Greylitsearcher

A Streamlit-based web application for finding grey literature on the web using Google Custom Search API. Greylitsearcher helps researchers discover and collect relevant documents from specific websites with advanced search capabilities.

Overview

Greylitsearcher is designed to systematically search for grey literature (reports, white papers, technical documents, etc.) across multiple websites.
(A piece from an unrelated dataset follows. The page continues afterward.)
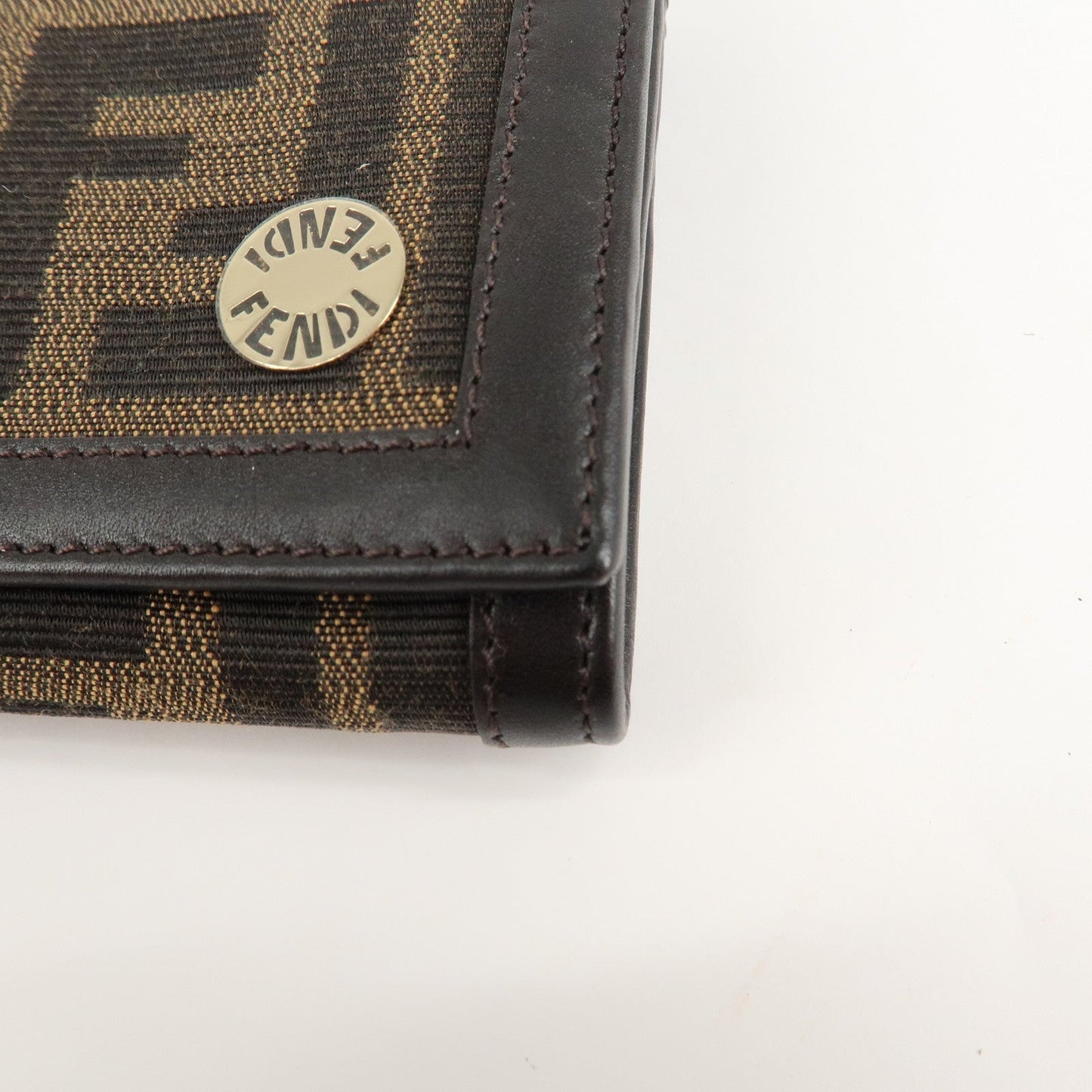 FENDI Zucca Canvas Leather Long Wallet Brown 8M0000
It supports up to three priority-based search queries per website and can retrieve up to 40 results per site, making it ideal for comprehensive literature reviews and research data collection.

Features

Multi-Query Search: Up to 3 different search queries with priority levels (1-3)
Multi-Website Support: Search across multiple websites simultaneously
Advanced Search Options:
- All these words (AND operator)
- Exact phrase matching
- Any of these words (OR operator)
- Exclude words (NOT operator)
Rate Limit Handling: Automatic fallback across multiple Google Search API keys
CSV Export: Download search results as CSV files
Airtable Integration: Optional integration to send results directly to Airtable via data processor
Priority-Based Results: Results are tagged with priority levels for easy filtering

Requirements

Python 3.8+
Google Custom Search API keys (at least 1, recommended 3 for rate limit handling)
Google Custom Search Engine IDs (CX)

Installation

Clone or navigate to the Greylitsearcher directory:

cd Greylitsearcher

Install dependencies:

pip install -r requirements.txt

Set up Google Custom Search API:
- Go to Google Cloud Console
- Create a new project or select an existing one
- Enable the Custom Search API
- Create API keys (recommended: 3 keys for rate limit handling)
- Create Custom Search Engines at Google Programmable Search
- Note your Search Engine IDs (CX)
Configure Streamlit secrets:

Create a .streamlit/secrets.toml file in your project root:

# App Password (required for access)
APP_PASSWORD = "your_secure_password_here"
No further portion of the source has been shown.